(SOURCE RECORDS)

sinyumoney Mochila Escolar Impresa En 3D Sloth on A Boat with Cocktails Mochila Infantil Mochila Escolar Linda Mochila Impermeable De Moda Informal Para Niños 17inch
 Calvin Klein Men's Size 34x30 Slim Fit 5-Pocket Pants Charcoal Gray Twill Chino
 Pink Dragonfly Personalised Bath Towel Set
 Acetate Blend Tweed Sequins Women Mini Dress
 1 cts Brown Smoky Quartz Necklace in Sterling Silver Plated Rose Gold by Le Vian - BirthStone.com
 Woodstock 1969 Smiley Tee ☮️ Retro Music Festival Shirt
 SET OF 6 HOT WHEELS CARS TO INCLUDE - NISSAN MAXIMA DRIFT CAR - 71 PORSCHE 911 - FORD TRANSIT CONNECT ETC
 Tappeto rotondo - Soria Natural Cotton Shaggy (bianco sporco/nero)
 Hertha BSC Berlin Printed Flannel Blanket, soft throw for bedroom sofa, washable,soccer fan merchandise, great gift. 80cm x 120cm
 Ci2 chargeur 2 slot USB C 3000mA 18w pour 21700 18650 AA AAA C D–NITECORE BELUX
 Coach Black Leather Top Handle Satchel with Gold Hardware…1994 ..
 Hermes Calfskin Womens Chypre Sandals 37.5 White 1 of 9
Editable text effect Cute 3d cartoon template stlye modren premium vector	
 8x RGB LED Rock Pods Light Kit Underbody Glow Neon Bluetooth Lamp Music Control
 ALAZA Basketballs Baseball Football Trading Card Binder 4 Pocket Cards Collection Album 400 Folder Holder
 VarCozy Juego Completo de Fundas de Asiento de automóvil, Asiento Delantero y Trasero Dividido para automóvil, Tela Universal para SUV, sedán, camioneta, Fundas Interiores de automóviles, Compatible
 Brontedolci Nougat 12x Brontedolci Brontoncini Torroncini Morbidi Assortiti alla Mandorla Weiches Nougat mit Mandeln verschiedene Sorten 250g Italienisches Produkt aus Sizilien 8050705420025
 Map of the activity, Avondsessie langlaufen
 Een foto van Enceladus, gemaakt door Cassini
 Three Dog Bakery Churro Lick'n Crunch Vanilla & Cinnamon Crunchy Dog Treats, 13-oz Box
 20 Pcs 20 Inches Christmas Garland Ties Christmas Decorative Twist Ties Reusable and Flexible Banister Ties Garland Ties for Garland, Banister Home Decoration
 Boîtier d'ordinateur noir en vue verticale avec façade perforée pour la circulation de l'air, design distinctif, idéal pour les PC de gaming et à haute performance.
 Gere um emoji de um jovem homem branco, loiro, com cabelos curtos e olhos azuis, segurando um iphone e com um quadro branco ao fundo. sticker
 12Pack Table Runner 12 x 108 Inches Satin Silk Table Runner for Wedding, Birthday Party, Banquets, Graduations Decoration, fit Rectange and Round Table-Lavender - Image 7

(End SOURCE RECORDS)

**PROBLEM STATEMENT**. Could you restate word for word the lines above from the one containing "Hertha BSC Berlin" through the one containing "8x RGB LED Rock", both included, and nothing else?

**RESULT OF THIS TASK**.
 Hertha BSC Berlin Printed Flannel Blanket, soft throw for bedroom sofa, washable,soccer fan merchandise, great gift. 80cm x 120cm
 Ci2 chargeur 2 slot USB C 3000mA 18w pour 21700 18650 AA AAA C D–NITECORE BELUX
 Coach Black Leather Top Handle Satchel with Gold Hardware…1994 ..
 Hermes Calfskin Womens Chypre Sandals 37.5 White 1 of 9
Editable text effect Cute 3d cartoon template stlye modren premium vector	
 8x RGB LED Rock Pods Light Kit Underbody Glow Neon Bluetooth Lamp Music Control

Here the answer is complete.